Immediately after the goal, the Men in Red adjusted their shape to a 4-3-3 that was a functional mirror of the Crew’s tactic, and the game settled into a rough stalemate. Each team took canny opportunities to press the other; each had long possessions undone by wayward passes at a crucial moment. Predictably, the impasse suited the leading-and-unfavored Fire a great deal more than Columbus, and equally predictably, the Crew’s greater depth and cohesion began to tilt the field toward the Chicago goal. Any number of Columbus attacks could have levelled the match - like, say, the Gyasi Zardes shot that caromed off the crossbar in the 72nd minute, or the Niko Hansen goal that was flagged offside in the 75th, or the Abu howitzer off the top 90 in the 77th, to take one particularly fecund 5-minute stretch.
But none did. The punches rained in, a flurry, a deluge of punches, and the Fire just kept on shaking it off, like, “What next?” When the game got into stoppage time, the Men in Red had enough awareness left after that beating to launch into a few of football’s crowd-favorite short-cons, wasting time with classic routines like Stand Over The Ball In the Corner (through which Drew Conner and Tony Tchani milked a solid 75 seconds), Foul the F--k Outta Somebody Just Because (that was Brandon Vincent and Johan Kappelhof leaping over each other to commit a foul at midfield), and Stall A Free Kick Until The Ref Is Forced To Card You (which Niko used to kill the final 90 seconds after the professional foul).
The Fire came to kick somebody, show some dignity, and maybe win a football match. For the first time in 2018, they managed all three.
Notes
- Grant Lillard made his MLS debut tonight and looked a whole lot like Grant Lillard - tough, a little raw, determined.
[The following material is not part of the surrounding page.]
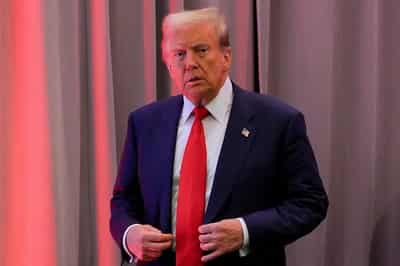 Image for Trump to attend Notre-Dame reopening in first foreign trip since election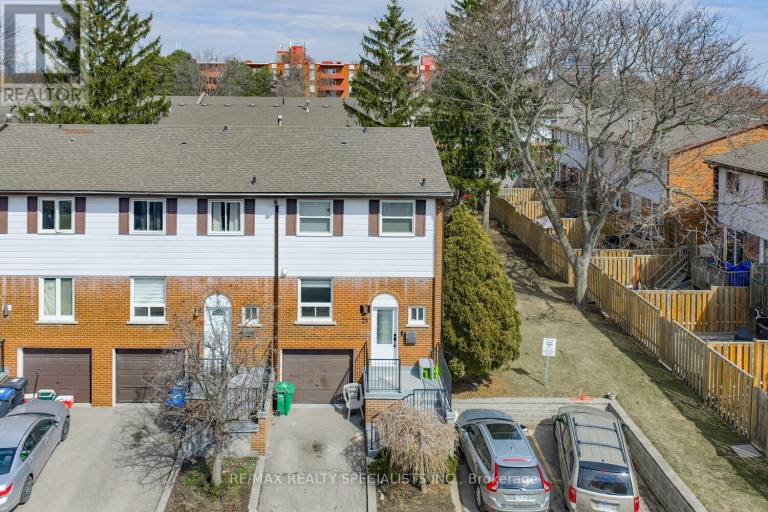 25 - 2445 HOMELANDS DRIVE, Mississauga (Sheridan), Ontario, L5K2C6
Congratulations, Grant!
- Drew Conner has some limitations (hey bad giveaways how you doin’) but I just like watching a guy play who leaves every little bit of himself out there.
- Also, great to see a good game from Tony Tchani. If he can keep the ball, like, 5 percent better, he’d be really good.
- Wouldn’t it be fun to see this team go out and start winning games in the ugliest, least gentlemanly way possible? Park the bus, use all this height to win set pieces, flop and whine and time-waste ... no? Just me?